A tenor de las imágenes, el enésimo testimonio de Chabrol contra los burgueses peca de la misma rutina y banalidad que achaca a esa clase social que tanto detesta
Aunque no goce de la atención mediática y el culto profesados a Woody Allen, Claude Chabrol está logrando estrenar con regularidad en España los turbios dramas sobre la clase media en que se centró, con excepciones, apenas pasado el sarampión de la Nouvelle vague. El norteamericano y el francés comparten un mismo interés por los rincones oscuros de la naturaleza humana, aunque Allen se permita unas reflexiones existencialistas y unos deslizamientos genéricos que Chabrol, más sabio o más vago, elude a favor de la insistencia en lo criminal y una mirada demiúrgica, transparente, que algunos ligan a las obras de madurez realizadas por Alfred Hitchcock y Fritz Lang.
Ambos tienen otra característica en común, y es su estancamiento artístico en una fórmula reiterativa, reconocible por un público tan acomodado como ellos que disfruta contemplando sus debilidades expuestas con una malevolencia circunscrita al visionado de la película correspondiente. Tras él, tanto autor como espectador pueden decirse que son un poco más sabios, y seguir con lo suyo sin variar ni un ápice sus planteamientos. En este sentido, uno de los detalles más inquietantes de Una chica cortada en dos es el retrato de su protagonista, Charles (François Berléand), un escritor maduro a quien los demás califican a lo largo del metraje de bon vivant, gourmet y narrador excelente aunque a veces convencional, y que seguramente responde a la visión lúcida que Chabrol tiene de sí mismo ahora que manufactura sus películas en familia y en serie, y que reconoce recurrir a novelas o a las hemerotecas para inspirarse porque le aburre “andar inventando tramas de intriga”.
En Una chica cortada en dos el punto de partida es un hecho real, el asesinato en la Nueva York de 1906 de un célebre arquitecto a manos del marido de su última amante, una estrella de variedades; suceso que ya habían ficcionado previamente la novela ‘Ragtime’ (1975) y el film La chica del trapecio rojo (1955). Chabrol modifica la anécdota original haciendo del arquitecto un novelista (el citado Charles), de la starlette una atractiva presentadora televisiva, Gabrielle (Ludivine Sagnier), y del cornudo vengador un niñato inestable y malcriado de buena familia, Paul (Benoît Magimel en su tercera colaboración con Chabrol, lo mejor de la función).

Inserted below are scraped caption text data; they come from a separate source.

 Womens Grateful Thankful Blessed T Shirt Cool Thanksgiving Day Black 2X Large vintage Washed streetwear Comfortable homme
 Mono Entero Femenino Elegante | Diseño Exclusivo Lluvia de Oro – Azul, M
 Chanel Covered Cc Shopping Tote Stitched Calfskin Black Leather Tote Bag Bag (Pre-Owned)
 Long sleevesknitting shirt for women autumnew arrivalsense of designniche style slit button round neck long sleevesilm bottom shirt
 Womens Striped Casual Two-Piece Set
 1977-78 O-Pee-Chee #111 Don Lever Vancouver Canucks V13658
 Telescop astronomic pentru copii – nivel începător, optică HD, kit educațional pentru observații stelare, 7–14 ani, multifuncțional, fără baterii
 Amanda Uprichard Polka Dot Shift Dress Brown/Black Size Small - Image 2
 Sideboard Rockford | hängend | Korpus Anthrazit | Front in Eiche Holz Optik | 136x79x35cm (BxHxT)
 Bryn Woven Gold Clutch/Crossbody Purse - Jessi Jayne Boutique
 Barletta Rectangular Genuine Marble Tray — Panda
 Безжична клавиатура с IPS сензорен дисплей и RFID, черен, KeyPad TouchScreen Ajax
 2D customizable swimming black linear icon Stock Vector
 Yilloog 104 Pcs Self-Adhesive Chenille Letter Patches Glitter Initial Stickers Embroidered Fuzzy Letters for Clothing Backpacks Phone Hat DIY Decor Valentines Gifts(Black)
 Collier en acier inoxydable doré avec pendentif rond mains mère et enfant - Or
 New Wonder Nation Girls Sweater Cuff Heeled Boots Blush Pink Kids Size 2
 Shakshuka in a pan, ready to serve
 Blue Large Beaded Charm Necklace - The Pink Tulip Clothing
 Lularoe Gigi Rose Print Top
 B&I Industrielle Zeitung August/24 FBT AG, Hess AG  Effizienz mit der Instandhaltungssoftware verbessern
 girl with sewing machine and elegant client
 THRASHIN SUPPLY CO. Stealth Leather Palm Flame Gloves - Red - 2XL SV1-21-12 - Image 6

El problema de la película no es tanto que Chabrol la haya realizado veinte veces, con lo que su agudeza, su humor soterrado y su cinismo en cuanto a las motivaciones humanas y el carnaval social ya no nos sorprendan. Podrían seguir haciéndolo si no fuese porque a tenor de las imágenes tampoco le sorprenden a él, porque su estilo es un testimonio progresivo de rutina. Una chica cortada en dos, como muchas propuestas recientes de Woody Allen, se constituye en ejercicio meramente enunciativo, cuando no desmañado. Somos conscientes de que se nos está soltando un discurso en torno a personajes escindidos entre su naturaleza animal y la imagen que tienen de sí mismos y con la que transitan la cotidianeidad, pero no existe ninguna voluntad creativa en el empeño.
Hay quien justifica esta superficialidad achacándola a una coherencia entre el devenir hipócrita, banal, de las criaturas de ficción y las estrategias formales del cineasta. Desengañémonos: una película se rueda para revelarnos la realidad trabajándose los contrastes, los matices y las zonas de sombra, y no limitándose a ser una instantánea sin mayor mérito crítico (?) que la espontaneidad aparente de los retratados. No hay nada más falso que la espontaneidad, delante y detrás de las cámaras. Chabrol termina por parecerse demasiado a Charles, que desperdicia el amor de Gabrielle en nombre de la tranquilidad de espíritu, al igual que el director francés prostituye su talento y sus réditos para poder seguir en el tajo y conseguir mesa en buenos restaurantes.